From some statistical consultants inside GE, there is
Gerald J. Hahn and
Samuel S. Shapiro,
Statistical Models in Engineering,
John Wiley & Sons,
For machine learning, so far the approach appears to be cases of empirical curve fitting.
The linear case of versions of regression analysis remain of interest. There the matrix theory I outlined is central. And regression analysis goes way back, 100 or so years, and is awash in uses of statistical hypothesis tests for the regression (F-ratio), individual coefficients, (t-tests), and confidence intervals on predicted values.
For using probabilistic and statistical methods in the non-linear fitting, that is more advanced and likely an active field of research.

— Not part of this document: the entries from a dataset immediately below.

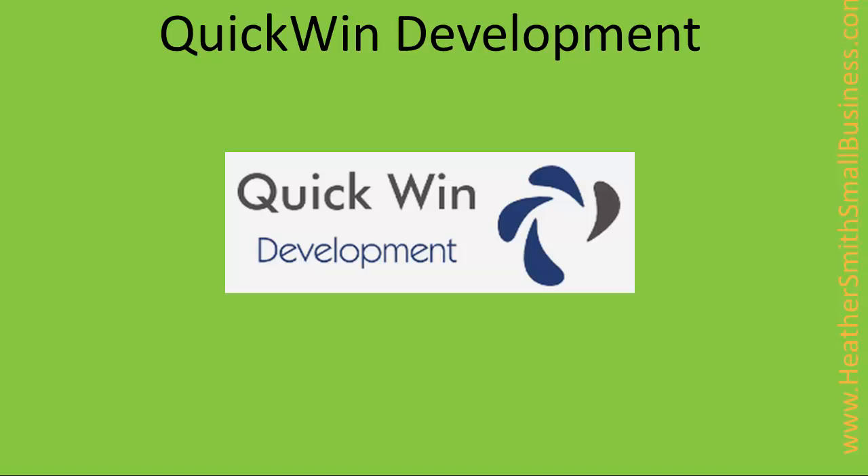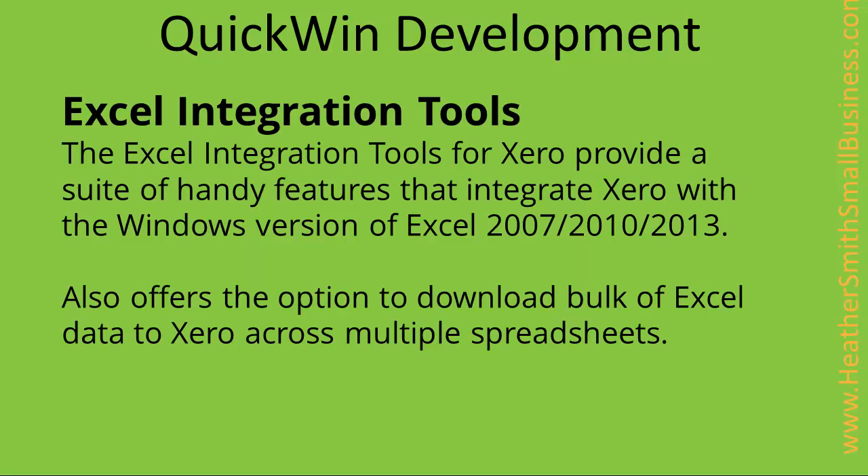The other options include using add-on solutions that plug into Xero and sync with the data. The first Xero add-on solution I'm going to mention is QuickWin Development's Excel integration tool. It has a number of handy features for extracting and manipulating the data from Xero, which can include the ability to download bulk Excel data to Xero across multiple spreadsheets.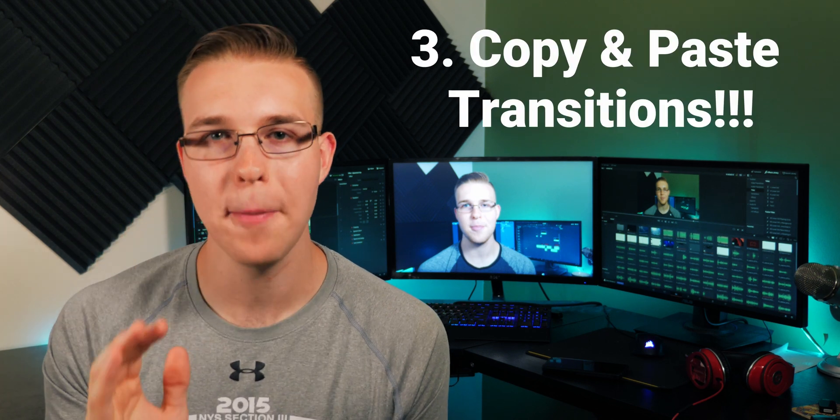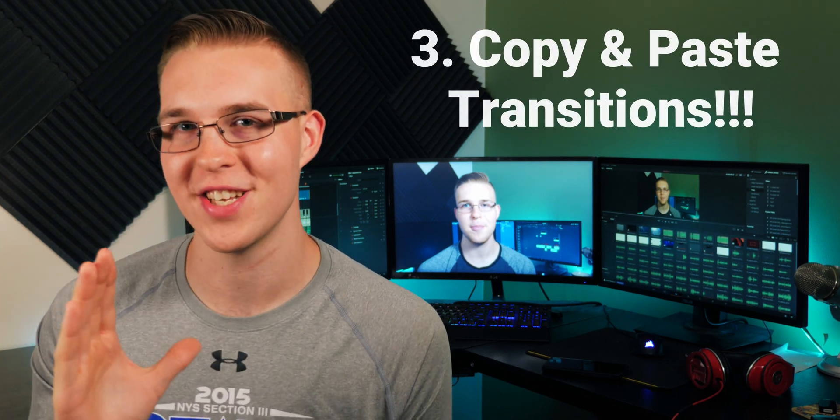I personally will use this feature — it's really cool. But I put it at number four because number three is really awesome. Finally, in the edit tab, we can copy and paste transitions all throughout the timeline. The days of not being able to copy and paste transitions are over. In DaVinci Resolve 16.1, you and I can finally do this, and it's sweet.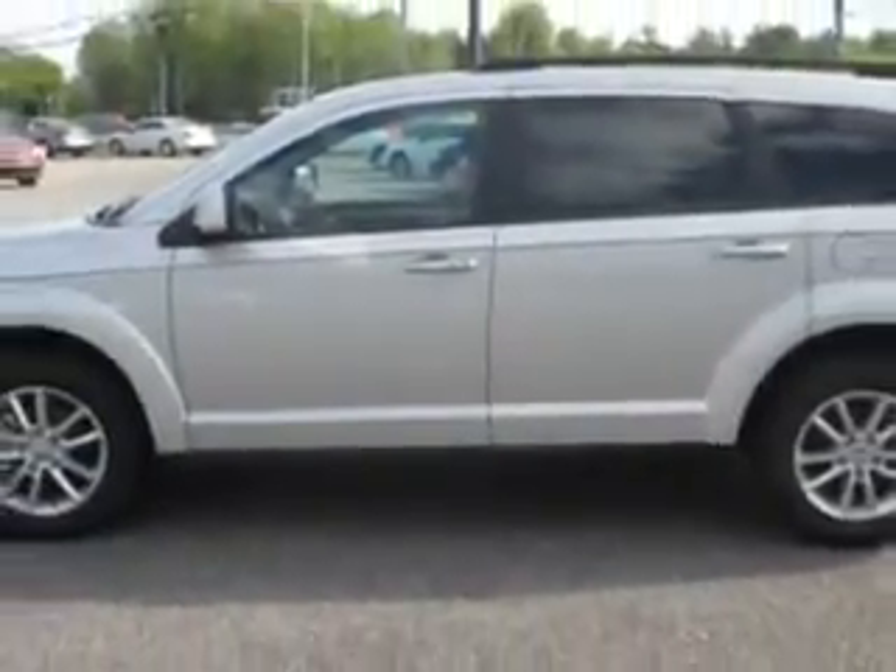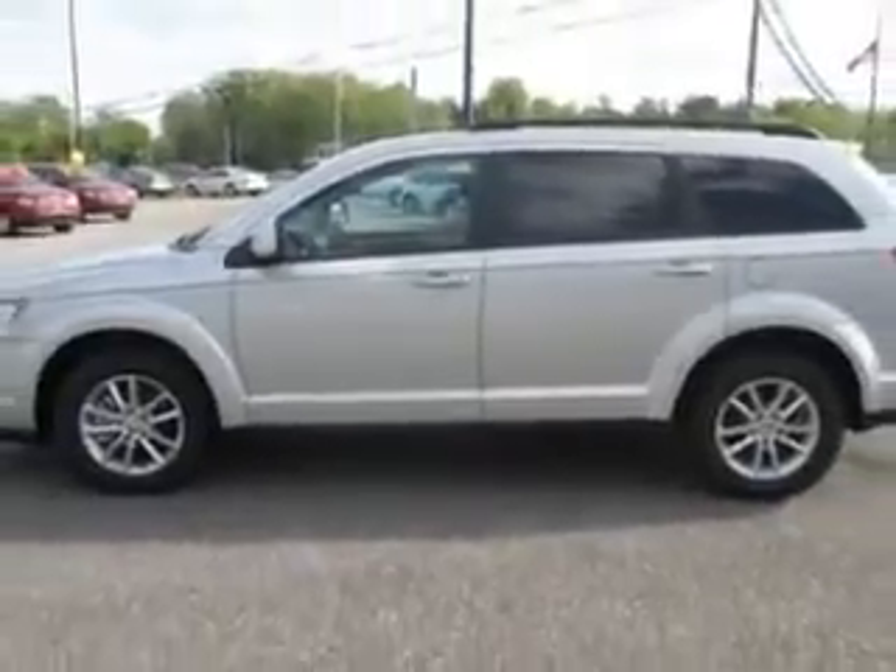You will love this bright silver metallic clear coat 2013 Dodge Journey Crossover SXT all-wheel drive, equipped with a six-cylinder engine and an automatic transmission. Enjoy this family SUV with features like keyless entry system,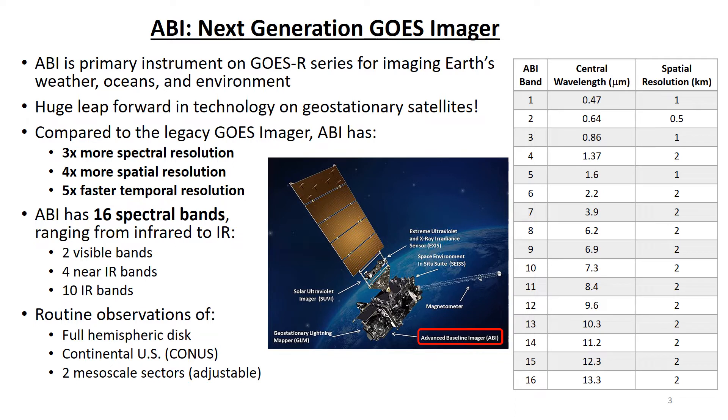That means the ABI provides more observations more frequently, as well as more types of observations and higher quality observations. The ABI has 16 spectral bands compared to only five on the legacy GOES imager, and they include two visible bands, four near-infrared bands, and ten infrared bands. Details about the ABI spectral bands are listed in the table. Most of the bands have two-kilometer spatial resolution, but the red band, band two, has 500 meters resolution.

In my own work, I use and/or create new statistical methods when and as I need them. My current work has some original work in, really, applied probability that also can be considered statistics. And when I was doing AI at IBM, I created some new mathematical statistics hypothesis tests to improve on what we were doing in AI. Later I published the work. Parts of the machine learning community might call that paper a case of supervised learning, but the paper is theorems and proofs in applied probability that give results on false alarm rates and detection rates, that is, statistical hypothesis tests (both multi-dimensional and distribution-free). So, that paper can be regarded as relevant to machine learning, but the prerequisites are a ugrad pure math major, about two years of graduate pure math with measure theory and functional analysis, a course in what Leo Breiman called graduate probability, and some work in stochastic processes. At one point I use a classic result of S. Ulam that the French probabilist Le Cam called tightness -- there is a nice presentation in
Convergence of Probability Measures,
John Wiley and Sons, New York, 1968.
The work was for anomaly detection in complex systems so could be regarded as for both engineering and machine learning. But I can't give all the background here.
For linear algebra, Gilbert Strang's course is a revelation.